Gospodarka rośnie, a wraz z nią rynek reklamy bankowej i właściwie trudno powiedzieć, czy reklama jest dźwignią koniunktury, czy odwrotnie. Po słabym 2012 r., lepszym 2013 r., ten rok zapowiada się najlepiej „w trzylatce”. Według Kantar Mediów, firmy monitorującej rynek reklamy, od stycznia do końca maja banki wydały na telewizyjne, radiowe i kinowe spoty, billboardy oraz klasyczne gazetowe ogłoszenia 527 mln zł. Dla porównania, na początku 2013 r. budżety reklamowe były o 25 mln zł niższe.
Dwa lata temu, kiedy gospodarka zaczęła wchodzić w dołek, banki przeznaczyły na reklamę mniej niż 500 mln zł. Natomiast w 2011 r., w szczycie koniunktury, promocja pochłonęła 528 mln zł, czyli prawie tyle samo co w tym roku.
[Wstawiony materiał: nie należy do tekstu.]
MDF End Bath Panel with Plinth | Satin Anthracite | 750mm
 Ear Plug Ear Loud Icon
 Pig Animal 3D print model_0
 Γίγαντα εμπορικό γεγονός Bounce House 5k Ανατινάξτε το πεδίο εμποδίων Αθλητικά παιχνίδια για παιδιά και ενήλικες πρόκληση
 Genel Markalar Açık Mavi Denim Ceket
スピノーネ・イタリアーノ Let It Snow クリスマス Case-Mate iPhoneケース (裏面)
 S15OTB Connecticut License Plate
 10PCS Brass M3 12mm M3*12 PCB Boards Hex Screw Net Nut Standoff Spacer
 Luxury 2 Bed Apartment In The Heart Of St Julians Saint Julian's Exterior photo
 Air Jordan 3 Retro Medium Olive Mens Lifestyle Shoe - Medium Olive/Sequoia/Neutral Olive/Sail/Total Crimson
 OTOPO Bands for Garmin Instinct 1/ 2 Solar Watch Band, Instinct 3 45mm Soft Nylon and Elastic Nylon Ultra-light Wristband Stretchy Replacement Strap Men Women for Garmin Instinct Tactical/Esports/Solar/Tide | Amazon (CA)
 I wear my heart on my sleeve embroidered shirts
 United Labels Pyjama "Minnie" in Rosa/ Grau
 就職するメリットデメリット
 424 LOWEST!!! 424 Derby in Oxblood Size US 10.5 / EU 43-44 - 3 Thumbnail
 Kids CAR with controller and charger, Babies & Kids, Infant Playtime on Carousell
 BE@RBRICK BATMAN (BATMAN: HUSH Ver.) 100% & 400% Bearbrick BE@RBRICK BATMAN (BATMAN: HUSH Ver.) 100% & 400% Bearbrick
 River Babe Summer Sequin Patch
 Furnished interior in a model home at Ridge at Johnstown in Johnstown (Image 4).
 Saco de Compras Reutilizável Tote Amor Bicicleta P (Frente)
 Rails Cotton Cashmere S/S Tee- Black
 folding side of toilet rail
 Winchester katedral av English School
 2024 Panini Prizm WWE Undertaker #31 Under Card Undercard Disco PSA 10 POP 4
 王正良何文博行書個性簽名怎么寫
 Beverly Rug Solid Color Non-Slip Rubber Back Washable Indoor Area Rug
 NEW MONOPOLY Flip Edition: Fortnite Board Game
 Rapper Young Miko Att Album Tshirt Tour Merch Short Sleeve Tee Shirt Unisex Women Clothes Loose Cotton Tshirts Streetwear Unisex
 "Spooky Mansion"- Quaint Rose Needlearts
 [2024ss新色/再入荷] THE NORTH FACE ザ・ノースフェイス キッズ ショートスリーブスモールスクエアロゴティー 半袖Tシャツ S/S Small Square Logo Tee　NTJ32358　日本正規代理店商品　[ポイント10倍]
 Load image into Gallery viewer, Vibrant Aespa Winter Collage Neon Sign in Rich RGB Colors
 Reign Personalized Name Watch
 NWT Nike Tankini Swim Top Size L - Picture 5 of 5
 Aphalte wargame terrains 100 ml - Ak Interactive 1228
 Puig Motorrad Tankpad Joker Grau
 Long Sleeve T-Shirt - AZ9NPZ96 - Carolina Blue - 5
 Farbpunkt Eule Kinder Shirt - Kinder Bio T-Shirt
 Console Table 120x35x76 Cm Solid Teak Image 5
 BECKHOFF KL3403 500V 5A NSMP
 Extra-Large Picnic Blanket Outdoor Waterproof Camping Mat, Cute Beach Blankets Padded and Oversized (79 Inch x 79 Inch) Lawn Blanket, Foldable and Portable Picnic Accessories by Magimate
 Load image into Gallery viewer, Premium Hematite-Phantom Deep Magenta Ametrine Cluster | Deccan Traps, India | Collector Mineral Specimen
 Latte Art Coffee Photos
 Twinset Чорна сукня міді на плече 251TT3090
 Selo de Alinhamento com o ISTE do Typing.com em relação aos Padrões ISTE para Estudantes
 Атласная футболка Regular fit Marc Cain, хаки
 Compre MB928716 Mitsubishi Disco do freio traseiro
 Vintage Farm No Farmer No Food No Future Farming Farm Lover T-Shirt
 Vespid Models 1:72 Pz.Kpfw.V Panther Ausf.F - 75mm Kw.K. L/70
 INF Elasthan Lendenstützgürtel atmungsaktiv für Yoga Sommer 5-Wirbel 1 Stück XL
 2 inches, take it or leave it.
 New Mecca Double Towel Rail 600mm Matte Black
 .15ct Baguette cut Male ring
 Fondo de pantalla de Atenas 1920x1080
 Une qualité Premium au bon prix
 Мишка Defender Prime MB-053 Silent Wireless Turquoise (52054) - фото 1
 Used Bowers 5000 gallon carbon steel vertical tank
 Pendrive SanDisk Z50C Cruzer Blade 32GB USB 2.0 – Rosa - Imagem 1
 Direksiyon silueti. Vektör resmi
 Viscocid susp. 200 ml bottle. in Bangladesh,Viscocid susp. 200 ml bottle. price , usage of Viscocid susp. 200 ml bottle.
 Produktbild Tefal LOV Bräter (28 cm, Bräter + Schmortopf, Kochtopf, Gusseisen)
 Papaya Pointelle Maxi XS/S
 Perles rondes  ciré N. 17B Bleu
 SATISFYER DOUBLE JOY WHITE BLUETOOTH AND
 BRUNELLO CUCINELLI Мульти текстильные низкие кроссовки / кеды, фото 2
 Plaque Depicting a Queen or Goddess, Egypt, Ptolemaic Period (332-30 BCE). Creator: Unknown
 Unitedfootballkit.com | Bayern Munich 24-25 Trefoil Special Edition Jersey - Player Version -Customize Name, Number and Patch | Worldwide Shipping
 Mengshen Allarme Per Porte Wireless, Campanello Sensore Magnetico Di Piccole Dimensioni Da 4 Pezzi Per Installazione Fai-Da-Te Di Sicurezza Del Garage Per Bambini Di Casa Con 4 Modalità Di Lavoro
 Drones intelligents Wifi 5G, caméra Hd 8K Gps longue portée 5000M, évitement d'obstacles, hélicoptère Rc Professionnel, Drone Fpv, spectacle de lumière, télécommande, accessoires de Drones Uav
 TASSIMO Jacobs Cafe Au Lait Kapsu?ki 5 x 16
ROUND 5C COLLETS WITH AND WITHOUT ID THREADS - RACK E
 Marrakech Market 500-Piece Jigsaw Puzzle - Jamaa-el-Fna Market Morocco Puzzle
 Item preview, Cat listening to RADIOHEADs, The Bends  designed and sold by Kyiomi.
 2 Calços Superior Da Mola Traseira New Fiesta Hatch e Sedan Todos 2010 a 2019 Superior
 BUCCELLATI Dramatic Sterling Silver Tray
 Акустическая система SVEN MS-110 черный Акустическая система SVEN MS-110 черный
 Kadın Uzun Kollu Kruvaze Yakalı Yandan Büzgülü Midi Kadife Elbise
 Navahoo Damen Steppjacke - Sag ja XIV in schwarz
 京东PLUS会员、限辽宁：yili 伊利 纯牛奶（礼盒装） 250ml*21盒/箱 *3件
W tym miejscu konieczne jest zastrzeżenie, że Kantar Media podają w zestawieniach dane cennikowe, a nie ostatecznie wynegocjowane przez reklamodawców. Zazwyczaj upusty od oficjalnych taryf liczone są w dziesiątkach procent. W tym roku różnice mogą być mniejsze niż zazwyczaj.
Od początku roku, co podkreślają wszyscy szefowie marketingu w bankach, ceny w mediach, głównie elektronicznych, poszły w górę — po części na fali ożywienia gospodarczego, ale głównie ze względu na podwyżki w TVN, który przejął obsługę reklamową telewizji tematycznych i w konsekwencji wyrósł na drugą po TVP grupę mediową.
— Niektórzy reklamodawcy zrezygnowali z reklamy, obierając strategię na przeczekanie — mówi szef marketingu w jednym z banków. W pierwszych pięciu miesiącach dźwignią reklamy bankowej był BZ WBK, który od lat utrzymuje się w czołówce największych reklamodawców w swojej kategorii. Dane cennikowe wskazują, że od stycznia do maja na promocję wydał prawie 60 mln zł. To ponad 20 mln zł więcej niż przed rokiem (wówczas trzeci w zestawieniu). Wiceliderem jest ING Bank Śląski, jeden z najhojniejszych reklamodawców.
Przed rokiem był pierwszy, a w 2012 r. trzeci. Po dłuższej przerwie na podium wróciło Millennium (43 mln zł). Na czwartym miejscu znalazł się Eurobank (40,6 mln zł), którego wysoka pozycja — przy intensywności reklam — z Piotrem Adamczykiem wcale nie dziwi.
Listę pięciu największych reklamodawców zamyka mBank (40,4 mln zł), który w poprzednichlatach tak wysoko raczej nie bywał. Kampania reklamowa bankowości mobilnej, połączona z reklamą wizerunkową, musiała go kosztować. Artur Sikora, szef obszaru marketingu i komunikacji w Banku Zachodniego WBK, uważa, że obecnie kluczowa dla rynku jest bankowość mobilna.
— Widać dużą aktywność reklamową banków w tym obszarze. Można spodziewać się, że będzie ona jeszcze większa, a m-banking będzie coraz więcej ważył w wydatkach reklamowych — mówi dyrektor Sikora. Aplikacje mobilne reklamują ING Bank Śląski, BZ WBK, Eurobank, Millennium, Getin, a ostatnio również Meritum i Smart Bank. Artur Sikora twierdzi, że mobile będzie nabierać też coraz większego znaczenia jako kanał sprzedaży reklam.
— W przyszłym roku 60 proc. Polaków będzie miało smartfona. Powstaje potężny kawałek rynku reklamowego, który można zmonetyzować. Podejmowane dotychczas próby jeszcze nie przyniosły jakichś spektakularnych efektów, lecz z całą pewnością jest to rosnący kanał komunikacji reklamowej. Pojawia się również nowy segment rynku, o którym reklamodawcy powinni zacząć myśleć — SmartTV — mówi Artur Sikora.